Review By: Stuart M. Miller
08/07/2006"Reducing Risk with Software Process Improvement" by Louis Poulin takes a very broad approach to examining different methodologies for reducing risk. In each chapter Poulin examines different aspects of the software process and how risk can be introduced at every step.

Poulin frequently makes his points by citing real-world examples and statistics from different projects he has studied. The approach and discovery from different viewpoints allows most any software professional to relate to many of the examples.

The book stresses the value of communication, documentation, and measurement by all involved in the progress. Poulin dedicates several chapters to measurement techniques. Annex A, the “Crash Course in Statistical Process Control,” and Annex B, “Risk Assessment and Estimation of Losses,” are provided for the reader dedicated to measurement technique and execution.

The book also highlights the value of the quality assurance team and how getting QA involved in non-traditional aspects of software development, such as requirements gathering and definition, can aid projects before they get off track. Poulin even states that “quality assurance is the most misunderstood and poorly applied process in the software industry.”

Poulin concludes his book with a two-page synopsis that ties together all the chapters and should serve as a brief guide for getting teams started in the right direction toward reducing risk.

Although the book is not focused on one aspect (development, testing, management, etc.), most of the references can be applied to many parts of software development. I enjoyed his frequent citing of real statistics from projects he has studied, and I even highlighted some to use later when trying to sell someone on the value of quality assurance.
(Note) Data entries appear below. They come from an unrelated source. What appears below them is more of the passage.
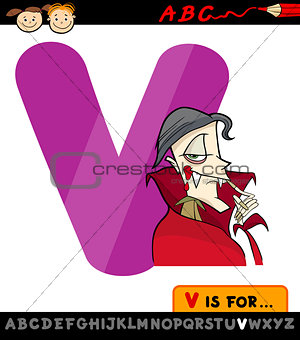 letter v with vampire cartoon illustration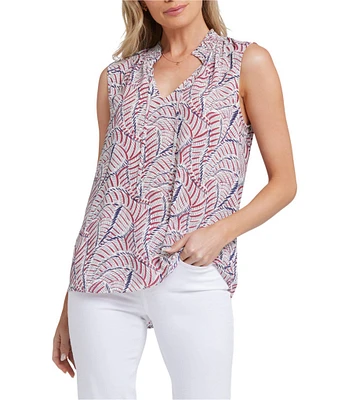 NYDJ Gemma Printed Knit Split Neck Sleeveless Blouse
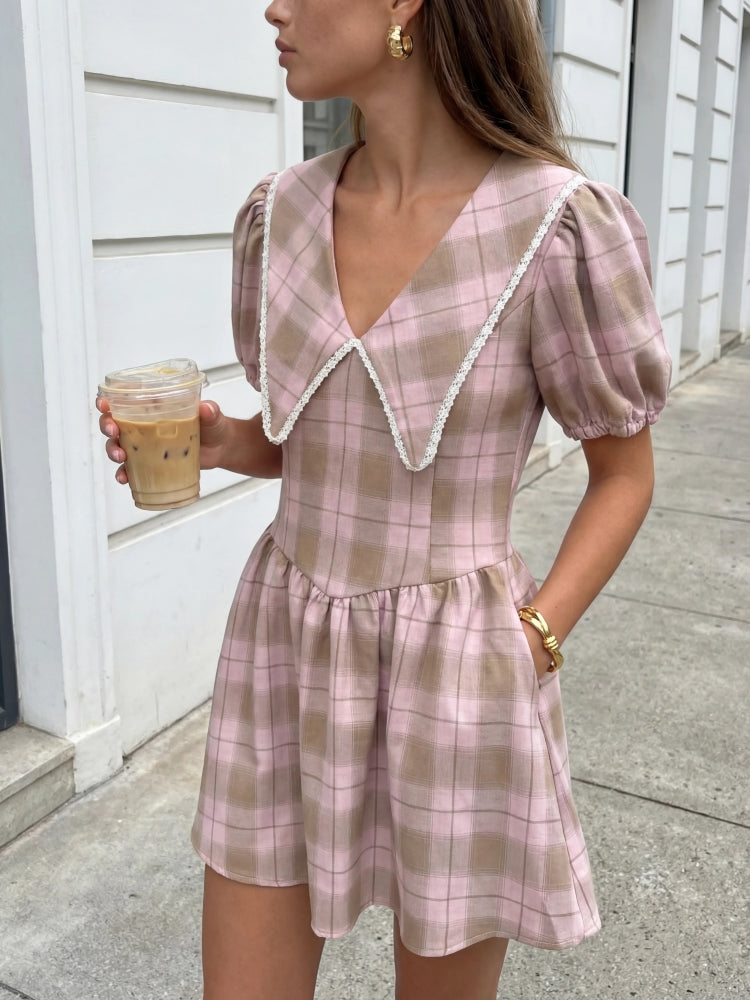 Rochie mini în carouri Ella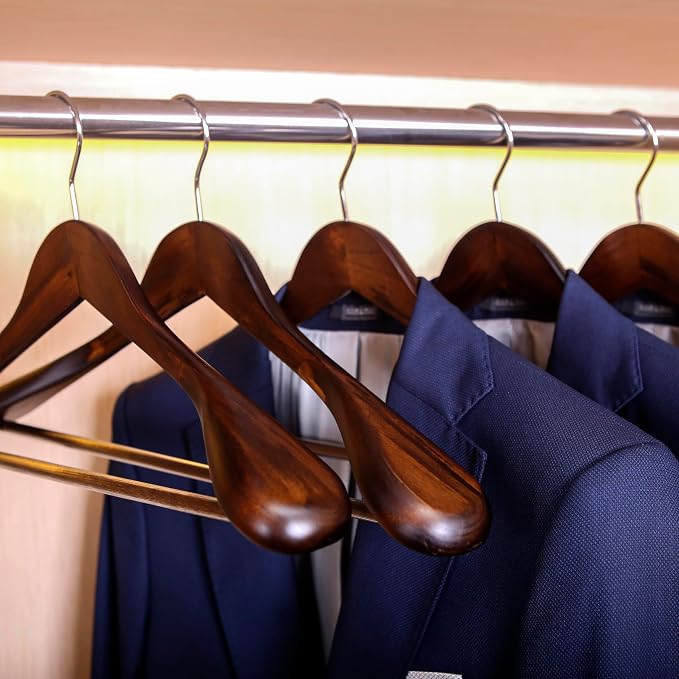 JS HANGER Wooden Suit Hangers - 6 Pack - Wood Coat Hangers,Jacket Outerwear Shirt Hangers,Glossy Finish with Extra-Wide Shoulder, 360 Degree Swivel Hooks & Anti-Slip Bar, Retro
The appendix material has more detail than I need, but it might interest you if your primary task is risk management and you want to get serious about your measurement techniques.

To a reader new to the concepts of managing risk and process improvement, this book serves as a general-purpose introduction that gives a good background understanding to techniques for reducing risk. For those already familiar with the topics, the book is a fairly slow read that includes a lot of basic material wedged between Poulin's unique perspectives. It's worth the read, though, if you're interested in getting a more detailed understanding of what can be achieved by applying the included methods for reducing risk.